Não vou ficar falando do que acontece, pra não estragar o livro pra vocês.
A questão é que acontece MUITA COISA e a Protagonista apronta MUITO.
Mas quem me realmente me cativou foi uma personagem meramente funcional na trama: a melhor amiga e confidente, Jordi, que é a única pessoa que acompanha absolutamente tudo o que a Protagonista pensa e faz. Jordi responde mensagens de madrugada com palavras de apoio compreensivas. Vê a amiga brincar com a sorte, ou, como naquele jogo da cabine do Silvio Santos, trocar uma bicicleta caloi novinha por uma chupeta suja de areia. Jordi acompanha as escolhas da amiga e não julga. No máximo, quando a merda vai pra todo lado, ela diz “ôh, miga...”.
A existência da Jordi no livro foi fundamental para que eu seguisse lendo, mesmo quando a Protagonista testava a minha paciência. Ela é a melhor amiga que alguém poderia querer: alguém que oferece as melhores palavras, mesmo quando a outra pessoa está em uma tournée indefensável. Ao mesmo tempo, não é uma amiga apática, que adula e concorda com tudo, ela exerce um afeto ativo, escuta de verdade, responde de verdade com o que tem de melhor para dar.
Se este livro me provocou algum questionamento foi: será que eu saberia ser uma amiga tão boa?
De Quatro foi um desafio interessante, que me convidou a ser essa pessoa que não julga, só observa e acolhe, pelo tempo que passei lendo. Li que ele provocou alguns movimentos interessantes entre leitoras, mulheres que criaram grupos para discutir os efeitos da menopausa em suas vidas, grupos de “código aberto”, como a protagonista chama no livro. Só por conta disso, já tem seu grande mérito. Mas ele vai além ao discutir o desejo como necessidade básica, mesmo quando já se tem tudo o que deseja.
Uma nota à edição brasileira: talvez o lançamento tenha cumprido um prazo apertado, pra aproveitar o sucesso no exterior, mas o fato é que na revisão passaram alguns erros feios, tipo sintaxe zoada, a ponto de ser preciso reler alguns trechos algumas vezes pra entendê-los. Foi meio leitura com obstáculos. Mancada. Se puderem ler no original, acho que é uma boa.

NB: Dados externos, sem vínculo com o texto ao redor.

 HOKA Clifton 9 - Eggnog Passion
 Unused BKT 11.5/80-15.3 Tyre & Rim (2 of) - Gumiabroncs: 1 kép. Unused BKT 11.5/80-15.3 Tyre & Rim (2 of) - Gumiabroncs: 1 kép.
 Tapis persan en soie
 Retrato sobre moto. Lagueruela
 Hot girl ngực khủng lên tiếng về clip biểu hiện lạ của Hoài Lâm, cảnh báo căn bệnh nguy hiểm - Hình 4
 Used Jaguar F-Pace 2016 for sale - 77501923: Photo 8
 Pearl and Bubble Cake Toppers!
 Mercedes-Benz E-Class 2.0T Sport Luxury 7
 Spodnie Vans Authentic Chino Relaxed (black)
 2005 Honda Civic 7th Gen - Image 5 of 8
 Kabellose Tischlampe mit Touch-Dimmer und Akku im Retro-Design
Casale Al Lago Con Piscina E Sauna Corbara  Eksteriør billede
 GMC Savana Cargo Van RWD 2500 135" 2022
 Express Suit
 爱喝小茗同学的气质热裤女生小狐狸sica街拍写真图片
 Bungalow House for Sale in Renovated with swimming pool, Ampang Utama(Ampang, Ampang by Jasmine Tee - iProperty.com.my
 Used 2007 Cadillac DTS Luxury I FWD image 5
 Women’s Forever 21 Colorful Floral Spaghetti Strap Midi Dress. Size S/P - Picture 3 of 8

Faixa-bônus: Tomorrow, and Tomorrow, and Tomorrow
este livro é muito legal!
Outro livro que li recentemente foi Tomorrow, and Tomorrow, and Tomorrow, da Gabrielle Zevin, e achei tremendamente divertido. Um novelão de alto nível, com personagens apaixonantes e muitas revelações e reviravoltas. A premissa: após um período de ruptura, dois amigos de infância se reencontram e começam a criar videogames juntos. Eu amei e você também vai amar. Sim, bem você, mesmo.